Fundação apoia Cabo Verde no rastreio dos cancros do colo do útero e da mama

Praia, Cabo Verde – A Fundação Calouste Gulbenkian, sediada em Portugal,  vai apoiar o Governo de Cabo Verde a criar condições para fazer rastreios aos cancros do colo do útero e da mama, envolvendo um universo de entre 50 mil a 100 mil mulheres, apurou a PANA, segunda-feira, de fonte oficial.

O apoio a ser fornecido no âmbito de um acordo a ser assinado ainda este mês entre as duas partes, comporta a compra de equipamentos, não apenas para diagnóstico, mas também para tratamentos desses tipos de cancro.

Citada pela agência cabo-verdiana de notícias (Inforpress)
, a ministra-adjunta e da Saúde de Cabo Verde, Cristina Fontes Lima, sublinhou que o rastreio é “fundamental” porque a principal intervenção  no caso das doenças oncológicas é a “intervenção precoce”.

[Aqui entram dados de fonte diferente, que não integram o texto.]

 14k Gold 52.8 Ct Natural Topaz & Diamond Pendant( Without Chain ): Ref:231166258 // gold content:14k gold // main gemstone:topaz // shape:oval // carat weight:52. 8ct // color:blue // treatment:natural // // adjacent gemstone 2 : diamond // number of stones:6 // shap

A governante  anunciou ainda para o próximo ano a introdução da vacina HPV para a prevenção do cancro do colo de útero, adiantando que falta apenas definir a faixa etária que vai ser abrangida por esta medida.

O cancro é a segunda causa da morte em Cabo Verde, sendo também a patologia responsável pelo  maior número de doentes evacuados para tratamento médico no estrangeiro, por falta de recursos locais.

Entre os tipos de doenças oncológicas em Cabo Verde, o cancro da próstata é o que mais mata no país, seguido do cancro do aparelho digestivo e o do colo de útero.